2 前項の規定によりあつたものとみなされた土地収用法第二十条の規定による事業の認定が、同法第二十九条又は第三十条第四項の規定によりその効力を失つたときは、特定公共事業の認定も、将来に向かつて、その効力を失う。
(事業の認定の失効)
第十三条 特定公共事業については、土地収用法第二十九条中「三年」とあるのは、「一年」とする。
第二節 土地細目の公告
(あつせん継続中の土地細目の公告の申請)
第十四条 特定公共事業については、土地収用法第三十一条第二項の規定は、第十二条第一項の規定によりあつたものとみなされた同法第二十条の規定による事業の認定が同法第二十九条の規定によりその効力を失う前二週間においては、適用しない。
(土地調書及び物件調書の作成)
第十五条 特定公共事業の起業者は、土地所有者、関係人その他の者が正当な理由がないのに土地収用法第三十五条第一項の規定による同法第三十六条第一項に規定する土地調書又は物件調書の作成のための立入りを拒み、又は妨げたため、同法第三十五条第一項の規定により測量又は調査をすることが著しく困難であるときは、他の方法により知ることができる程度でこれらの調書を作成すれば足りるものとする。この場合においては、調書にその旨を附記しなければならない。
(土地細目の公告の失効等)
第十六条 特定公共事業については、土地収用法第三十九条、第四十一条及び第百十六条第一項中「一年」とあるのは、「六月」とする。
第三節 裁決及び損失の補償
(裁決申請書)
第十七条 第十五条に規定する場合においては、土地収用法第四十二条第一項第二号の書類に記載すべき同号ロに掲げる事項のうち、収用し、又は使用しようとする土地の面積以外の事項については、同法第三十五条第一項の規定による方法以外の方法により知ることができる程度で記載すれば足りるものとする。この場合においては、その書類にその旨を附記しなければならない。
(裁決申請書の縦覧)
第十八条 第九条の規定は、市町村長が特定公共事業に係る土地収用法第四十四条第一項の書類を受け取つた日から二週間を経過しても同条第二項の規定による手続を行なわない場合に準用する。この場合において、同条第一項中「起業地」とあるのは、「裁決の申請に係る土地」と読み替えるものとする。

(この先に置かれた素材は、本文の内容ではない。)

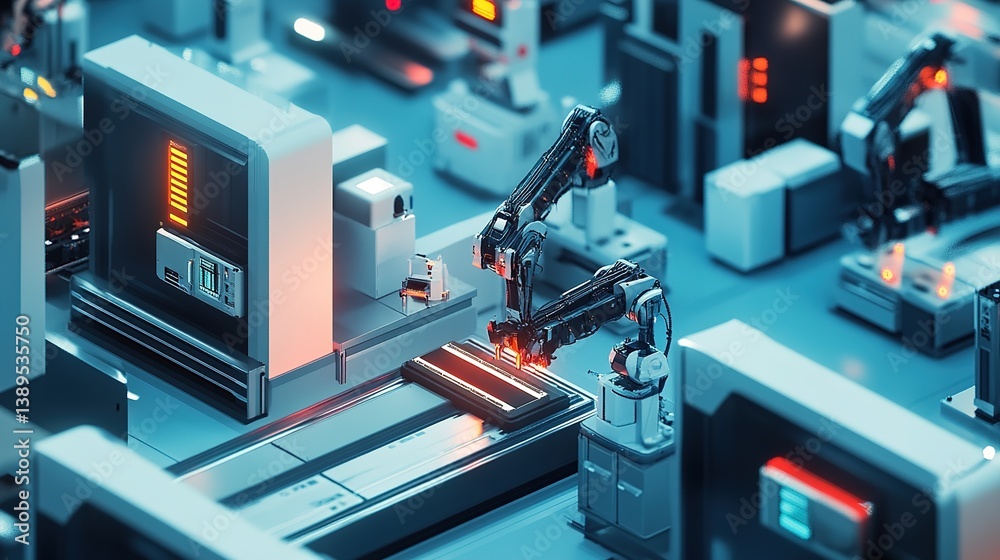 Poster a next-gen assembly line powered by ai-driven robotics.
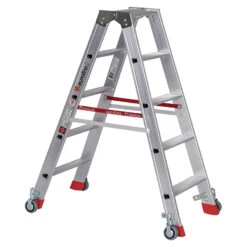 Nr. 30573 PREMIUM-Line Alu-Stufenstehleiter Mit Federrollen Und Feststellern 2x3 Stufen -Leiterwerkzeug Geschäft nr 30573 premium line alu stufenstehleiter mit federrollen und feststellernec926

2 都道府県知事は、収用委員会に対して前項の規定により土地収用法第四十四条第二項の規定による公衆の縦覧に供しなければならない書類の送付を求めることができる。
3 都道府県知事は、第一項の規定により土地収用法第四十四条第二項の規定による公告をしたときは、遅滞なく、公告の日を収用委員会に通知しなければならない。
(却下の裁決)
第十九条 特定公共事業については、土地収用法第四十七条第二号中「第十八条第二項第一号」とあるのは「公共用地の取得に関する特別措置法第四条第二項第一号」と、「事業認定申請書」とあるのは「特定公共事業認定申請書」とする。
(緊急裁決)
第二十条 収用委員会は、特定公共事業に係る収用又は使用の裁決が遅延することによつて事業の施行に支障を及ぼすおそれがある場合において、起業者の申立てがあつたときは、土地収用法第四十八条第一項各号に掲げる事項のうち、損失の補償に関するものでまだ審理を尽くしていないものがある場合においても、同項の規定による裁決をすることができる。
2 前項の規定による申立ては、建設省令で定める様式に従い、書面でしなければならない。
3 第一項の規定による申立てがあつたときは、収用委員会は、その旨を土地所有者及び関係人に通知しなければならない。
第二十一条 前条第一項の裁決(以下「緊急裁決」という。)においては、土地収用法第四十八条第一項各号に掲げる事項のうち、損失の補償に関するものについては、裁決の時までに収用委員会の審理に現われた意見書、鑑定の結果その他の資料に基づいて判断することができる程度において裁決すれば足りるものとする。ただし、損失の補償をすべきものと認められるにかかわらず、補償の方法又は金額について審理を尽くしていないものについては、概算見積りによる仮補償金を定めなければならない。
2 前項ただし書に規定するもののほか、なお審理を要すると認める事項については、裁決書の理由において、その旨を記載しなければならない。
(物件の収用請求権)
第二十二条 第二十条第一項の規定による申立てに係る土地にある物件の所有者は、その物件の収用を請求することができる。
(仮住居による補償)
第二十三条 第二十条第一項の規定による申立てに係る土地に現に居住の用に供している建物がある場合において、その建物の居住者が仮住居を必要とするときは、仮住居に要する費用に充てるべき補償金に代えて、起業者が仮住居を提供することを収用委員会に要求することができる。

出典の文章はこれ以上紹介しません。